Von einem Schoolworker (vielleicht der Pedell aus der Feuerzangenbowle?) war bisher nicht die Rede. Aber am 10. März dieses Jahres tauchte das Wort Schoolworkerin auf. Es wurde schwarz auf weiß gedruckt.

Eine Workerin. Etwas ganz neues. Eine Sensation. Eine außerordentliche Erfindung. Ja, wirklich: etwas ganz Neues: Die workerin.

Im Englischen gibt es das weit und breit nicht, nur bei uns. Kreatives Deutschland!


PS: Wie weit es der leichtfertige Umgang mit unserer Sprache gebracht hat? Noch viel weiter als bis zum unverständigen und großenteils unverständlichen Gebrauch des Englischen.

Das fing aber schon im Deutschunterricht an – zugegeben vor ziemlich vielen Jahren.

Da war von Tätigkeits- oder Tuwörtern die Rede, von Selbstlauten und Mitlauten, also Vokalen und Konsonanten.
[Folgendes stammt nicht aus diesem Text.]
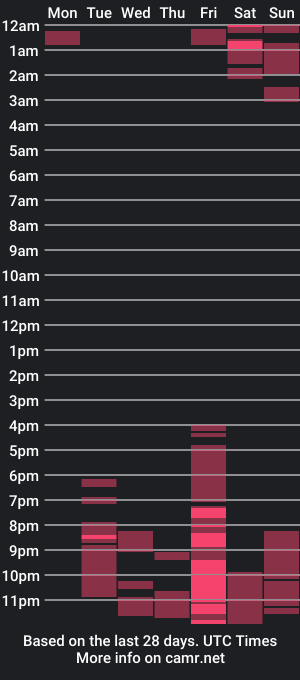 cam show schedule of lucillefenlys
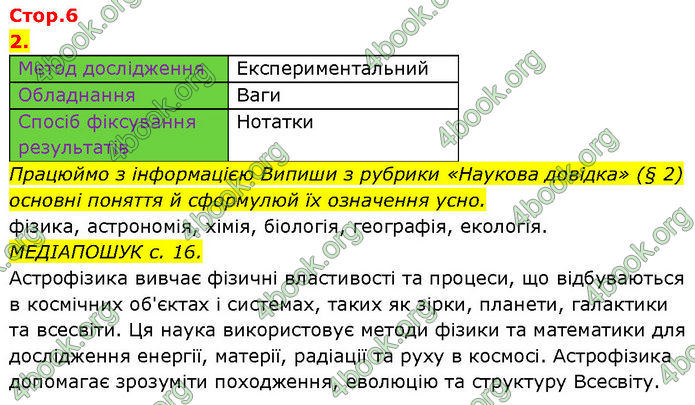 ГДЗ Зошит Пізнаємо природу 6 клас Коршевнюк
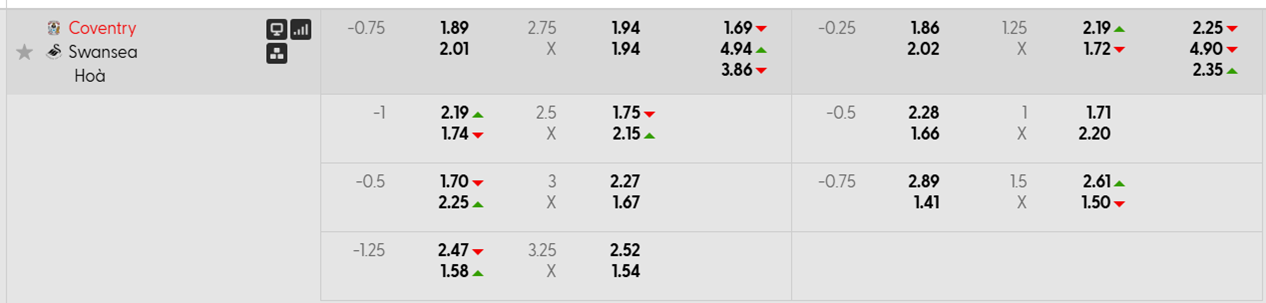 Tỷ lệ kèo Coventry vs Swansea City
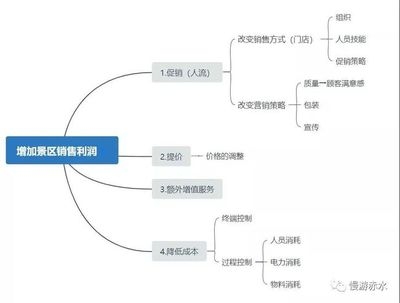 人工成本控制的有效策略，精打細(xì)算，人工成本控制的七大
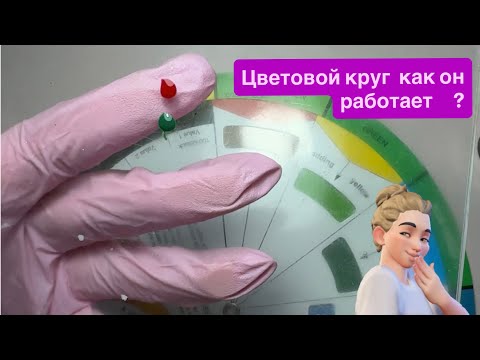 Видео: Как работать с цветовым кругом? Цветовой круг.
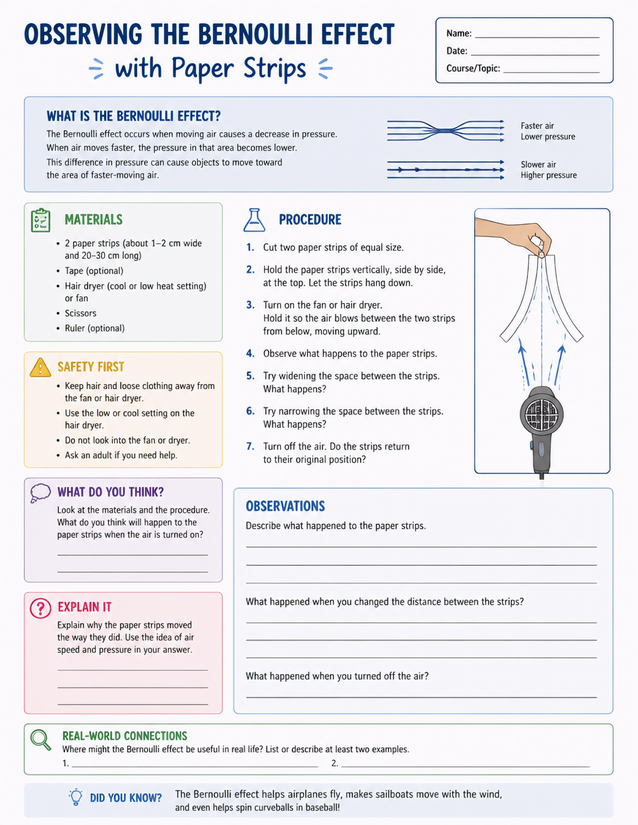 Bernoulli Effect with Paper Strips Lab Sheet
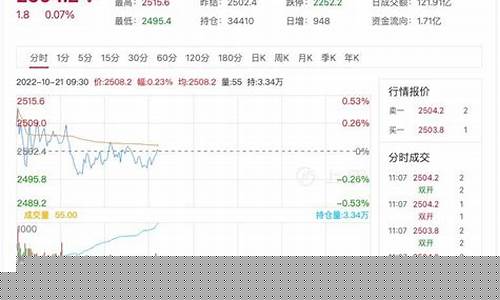 股指期货今日行情上证(股指期货市场行情)_https://www.qldgs.com_原油期货_第1张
Das ging damals ziemlich durcheinander. : Mal hieß es so, mal anders.

Eigentlich war es so wie es heute ist: Niemand sieht so richtig klar.

So kommen wir zu Goethe und Schiller zurück. Sie schrieben, wie es ihnen passte. Wichtig war, was sie zu sagen hatten. Die Form war nicht so wichtig. Auf ihre Grammatik pfeifen wir, auf das, was sie uns gesagt haben, nicht.
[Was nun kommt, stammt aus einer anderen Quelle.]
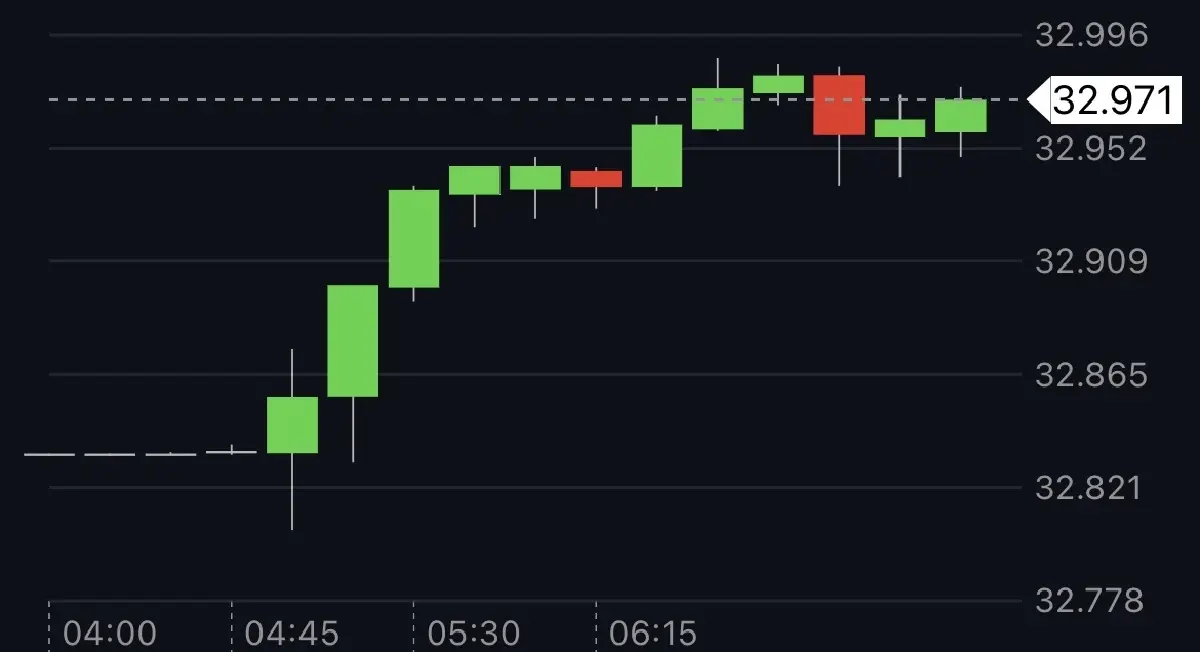 ค่าเงินบาทเปิดเช้านี้ 30 มี.ค.69  ‘อ่อนค่า‘ สงครามอิหร่านยืดเยื้อ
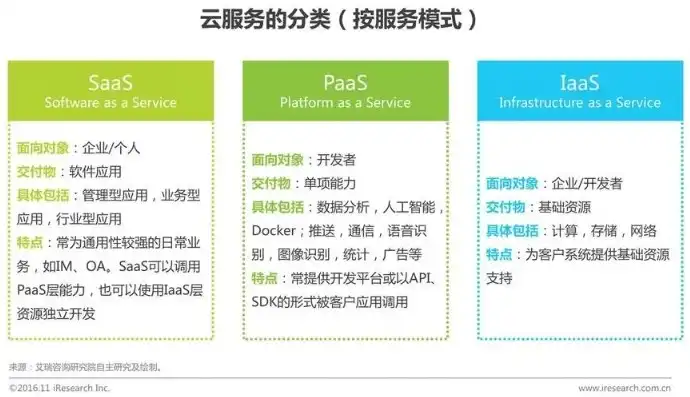 云服务器代理加盟条件是什么样的，云服务器代理加盟，全面解读加盟条件及优势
Ganz zum Schluss zum Sprachsumpf, durch den wir uns heute kämpfen müssen:
Überall wird gewunken. In den Zeitungen, den Zeitschriften, im Fernsehen. Versteht denn niemand, wie weh das tut?

Es gibt da in der deutschen Grammatik einen kleinen, aber wichtigen Unterschied, den zwischen starken und schwachen Tätigkeitswörtern (Verben). Das liest sich dann so:

Sinken, sank, gesunken Oder – besser in diesem Fall: Stinken, stank, gestunken. Das ist wie sinken ein starkes Verb. Das kann man sozusagen riechen.

Aber: Winken, wank, gewunken? Ist das richtig? Prüfen wir das mal. Ich winke, ich winkte, ich habe gewinkt, ich werde winken, ich werde gewinkt haben, usw.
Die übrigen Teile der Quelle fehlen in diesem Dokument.